Inflorescence des visions et des rêves
Que Philippe Favier ait créé une estampe pour ce livre n’est pas un hasard. Le langage de Sophie Latil est dans la droite ligne de l’univers de l’artiste. « Il y a du monde sur la route » que l’héroïne parcourt en « une fin de journée de transhumance et sa procession de caravanes ». Très vite, la sensation vériste se dissout : « L’air encore chaud s’engouffre, étouffant. Un nuage épais, doux, profond, ombre la route, corrige la lumière rasante. » Et si l’asphalte semble couper en deux la garrigue, cette femme « baisse toutes les vitres » même celles qui n’existent pas jusqu’à « des bulles de soleil éclatent dans ses yeux, troublent son horizon désert. Les derniers rayons du jour l’aveuglent. Le disque énorme et rouge s’enflamme et bascule, lézarde le ciel de roses et de mauves, de violets et de bleus» avant que tout ne s’efface.
Surgit alors l’ivresse des grands fonds sur la croûte terrestre. Une « unité » fusionnelle première n’est plus coupée et à peine déplacée. Mais la dialectique du dehors et du dedans prend un nouveau sens. La femme devient un bois flotté au mieux mais n’a rien d’une épave. Elle n’est pas de ses oiseaux qui battent de l’aile et bleuissent quand arrive la nuit et que sonne une certaine heure.
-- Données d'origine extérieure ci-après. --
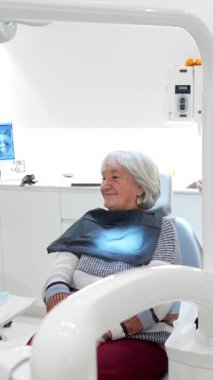 Deneyimli kadın hasta, dişçi koltuğunda yaslanıyor. Rutin sağlık kontrolleri sırasında uzman diş hekiminden kapsamlı bir ağız sağlığı hizmeti alıyor.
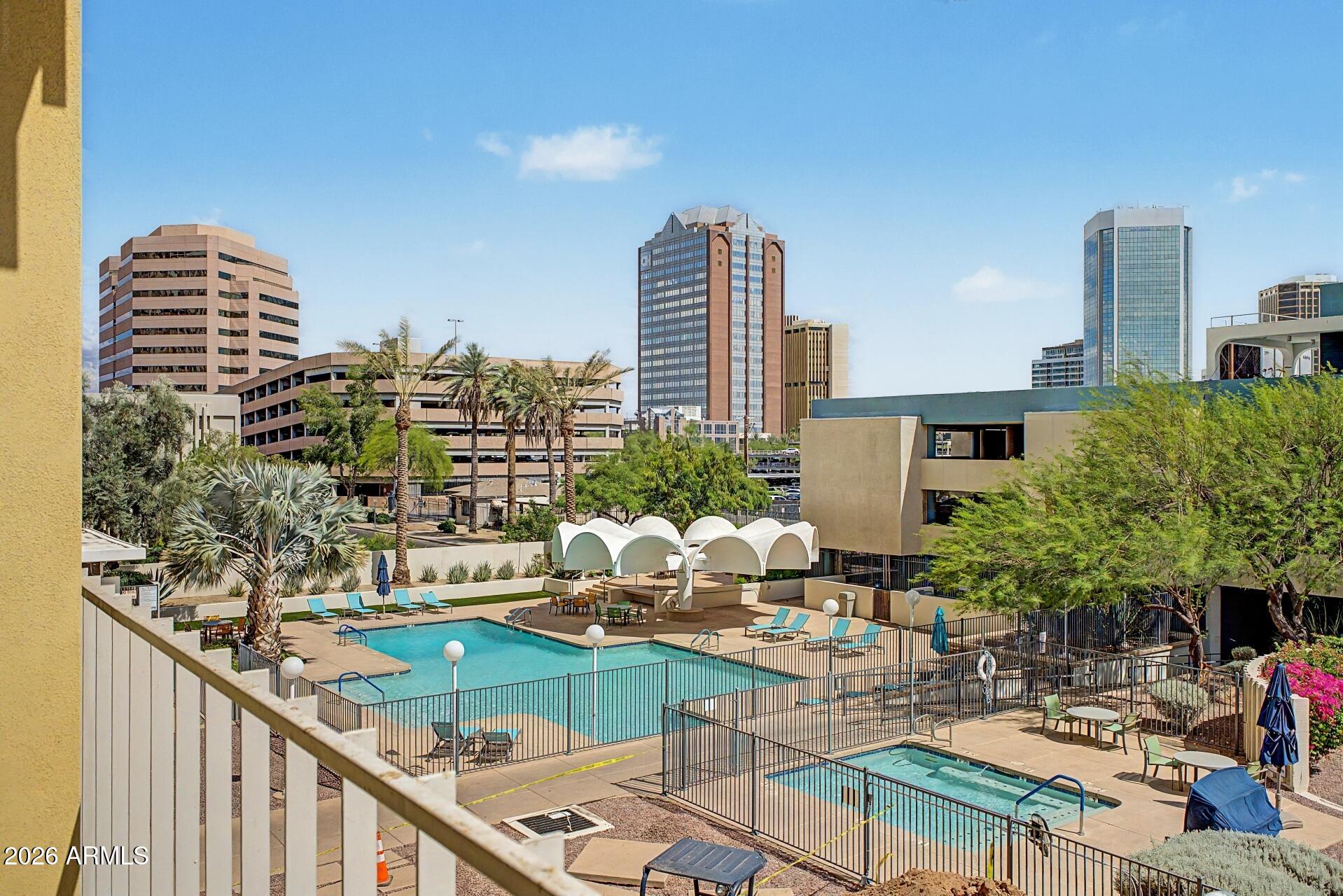 207 West Clarendon Avenue, Unit B2 Phoenix, AZ 85013 - Photo 17 of 30 a view of balcony with outdoor seating and city view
Il y aura bientôt peut-être à ses côtés une grosse souche avec l’odeur de ses aisselles sous la terre chaude de sa couette. Car une telle femme est faite pour l’envol. Mais il n’est pas question qu’une telle souche prenne racine. Son essor est celle l’alouette qui, au fil des heures, n’attend pas des légionnaires. Et si elle se laisse aimer parfois une nuit, c’est exceptionnel. La vie pour elle ne se limite en rien à la viande et au ratafia. Elle s’enivre par d’autres voies.
Mais elle n’est pas plus de celles qui entament des lamentos de tourterelles ou des cris du coeur. Seule l’inflorescence de ses visions et rêves goutte entre ses seins.
jean-paul gavard-perret
Sophie Latil, 10 h 10, Estampe en frontispice signée de Philippe Favier, Editions Jean-Pierre Huguet, coll. « Carnet des Sept Collines », 2018, 48 p. — 50,00 €.